Shares of General Mills jumped 3.5 percent Wednesday after the food company’s earnings report showed that cost-cutting initiatives and price hikes have paid off for its profits.
“We had a strong third quarter, with positive organic sales growth and significant operating margin expansion,” CEO Jeff Harmening said in a statement.
The company earned 83 cents per share, on an adjusted basis, during the fiscal third quarter, topping the 69 cents per share expected by analysts surveyed by Refinitiv. General Mills also reported revenue in line with estimates of $4.20 billion.
Net income attributed to General Mills dropped to $446.8 million, or 74 cents per share, down 52.5 percent from $941.4 million, or $1.62 per share, a year earlier. The company reported a one-time tax benefit of $504 million due to U.S. tax reform during last year’s third quarter.
The Minneapolis-based food giant boosted its top and bottom lines by raising prices and switching its products in all of its markets. It otherwise saw sales volume decline in North America, Europe and Australia. A broader cost-cutting plan announced last year, which includes cutting 625 jobs by this spring, also helped profits, it said.
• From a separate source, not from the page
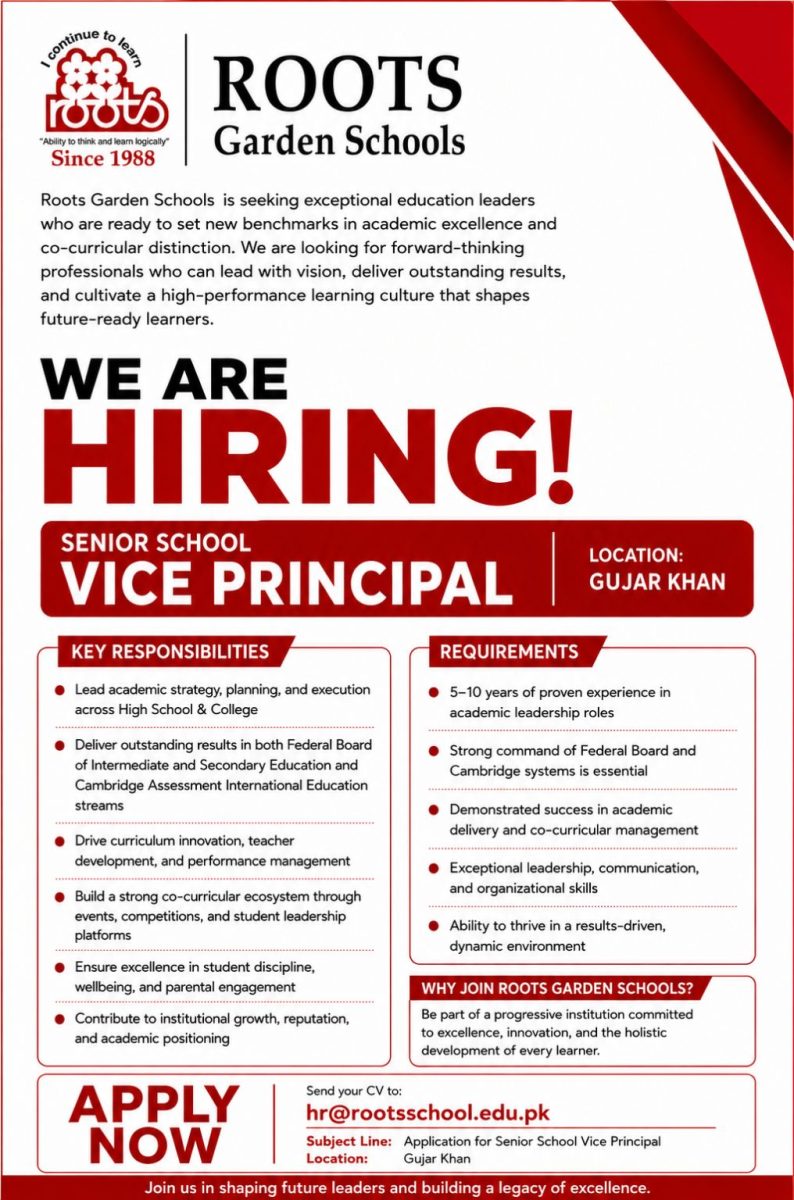 ROOTS Garden Schools Jobs Senior School Vice Principal 1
With one quarter left in its fiscal 2019, General Mills raised its outlook for earnings growth to a range of flat to up 1 percent. It previously estimated a range of flat to down 3 percent due to accounting changes from its acquisition of pet food company Blue Buffalo. Analysts were expecting the earnings to decline by 1.2 percent.
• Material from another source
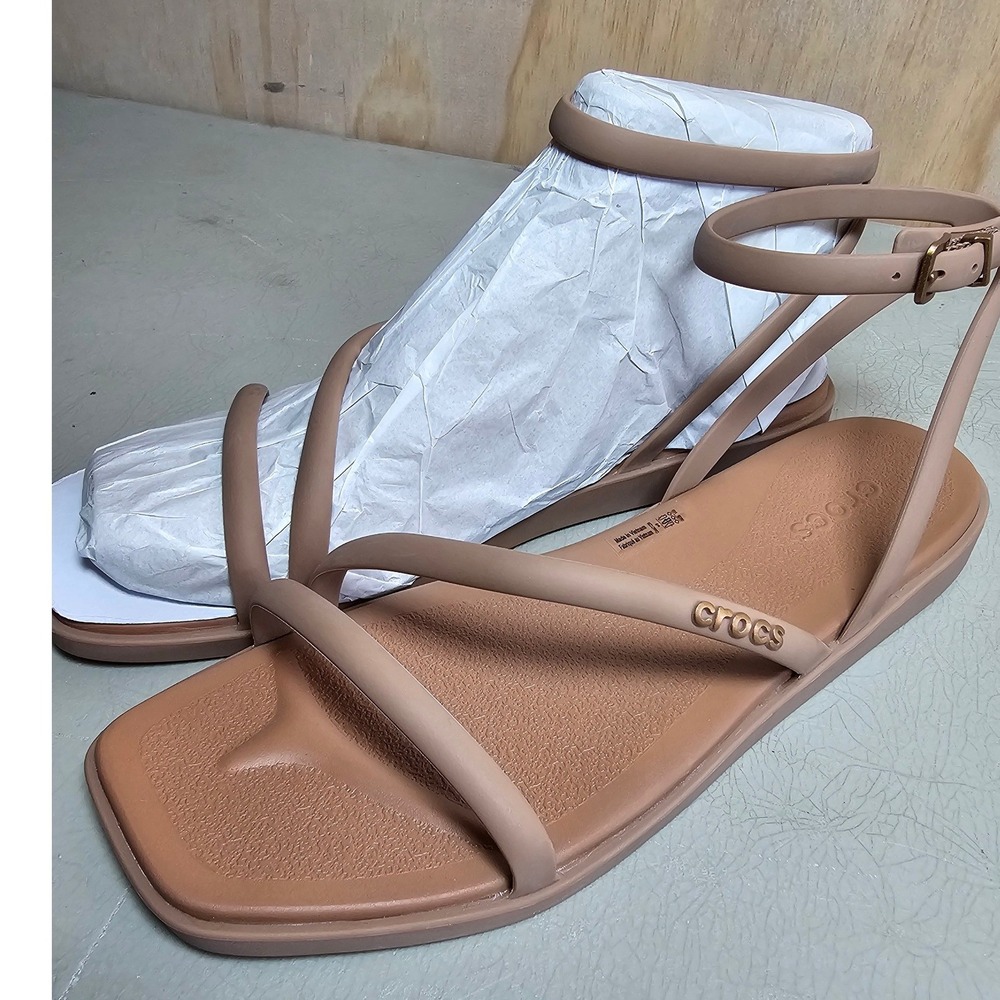 CROCS Miami Ankle Strap Sandal in color Milk Chocolate.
Organic sales grew by 1 percent during the quarter, beating Wall Street estimates of 0.6 percent. Sales for its largest business, North American retail, were flat for the quarter, despite the food company’s efforts to entice consumers through marketing and product innovation.
The company also narrowed its fiscal 2019 net sales and organic sales growth to the lower end of its previous outlook range. It now expects net sales growth to be closer to 9 percent than 10 percent and organic net sales growth closer to flat than 1 percent.